▶ What is being asked:
Write out, word for word, the first line of the data below and every line after it through the one containing "Love Story | Taylor Swift | Lyrics".

::::::::

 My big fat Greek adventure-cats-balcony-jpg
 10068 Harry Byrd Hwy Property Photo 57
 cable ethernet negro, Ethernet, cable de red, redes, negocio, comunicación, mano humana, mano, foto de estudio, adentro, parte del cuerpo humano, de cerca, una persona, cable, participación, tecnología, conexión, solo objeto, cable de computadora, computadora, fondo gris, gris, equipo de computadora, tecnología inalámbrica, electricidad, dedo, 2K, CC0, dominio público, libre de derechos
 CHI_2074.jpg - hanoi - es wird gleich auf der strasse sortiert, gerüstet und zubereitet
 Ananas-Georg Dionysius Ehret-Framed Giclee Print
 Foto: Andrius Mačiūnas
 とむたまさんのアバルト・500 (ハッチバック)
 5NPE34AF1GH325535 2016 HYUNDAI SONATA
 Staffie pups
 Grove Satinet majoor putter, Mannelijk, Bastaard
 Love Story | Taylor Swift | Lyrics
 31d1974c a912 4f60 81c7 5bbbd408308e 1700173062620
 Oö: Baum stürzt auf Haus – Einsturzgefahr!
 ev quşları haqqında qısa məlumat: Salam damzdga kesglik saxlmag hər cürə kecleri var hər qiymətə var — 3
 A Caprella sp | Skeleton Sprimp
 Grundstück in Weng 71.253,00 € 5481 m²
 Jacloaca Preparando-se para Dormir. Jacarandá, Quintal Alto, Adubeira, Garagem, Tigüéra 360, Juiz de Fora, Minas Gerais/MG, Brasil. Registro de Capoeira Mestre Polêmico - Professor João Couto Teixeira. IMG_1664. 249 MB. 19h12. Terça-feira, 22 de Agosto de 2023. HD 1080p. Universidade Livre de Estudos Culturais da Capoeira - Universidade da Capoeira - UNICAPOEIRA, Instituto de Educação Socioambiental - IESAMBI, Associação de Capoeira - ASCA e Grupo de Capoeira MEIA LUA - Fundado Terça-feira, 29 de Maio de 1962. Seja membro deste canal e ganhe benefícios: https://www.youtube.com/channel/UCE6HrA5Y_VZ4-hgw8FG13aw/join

::::::::

▶ Solution to this exercise:
 My big fat Greek adventure-cats-balcony-jpg
 10068 Harry Byrd Hwy Property Photo 57
 cable ethernet negro, Ethernet, cable de red, redes, negocio, comunicación, mano humana, mano, foto de estudio, adentro, parte del cuerpo humano, de cerca, una persona, cable, participación, tecnología, conexión, solo objeto, cable de computadora, computadora, fondo gris, gris, equipo de computadora, tecnología inalámbrica, electricidad, dedo, 2K, CC0, dominio público, libre de derechos
 CHI_2074.jpg - hanoi - es wird gleich auf der strasse sortiert, gerüstet und zubereitet
 Ananas-Georg Dionysius Ehret-Framed Giclee Print
 Foto: Andrius Mačiūnas
 とむたまさんのアバルト・500 (ハッチバック)
 5NPE34AF1GH325535 2016 HYUNDAI SONATA
 Staffie pups
 Grove Satinet majoor putter, Mannelijk, Bastaard
 Love Story | Taylor Swift | Lyrics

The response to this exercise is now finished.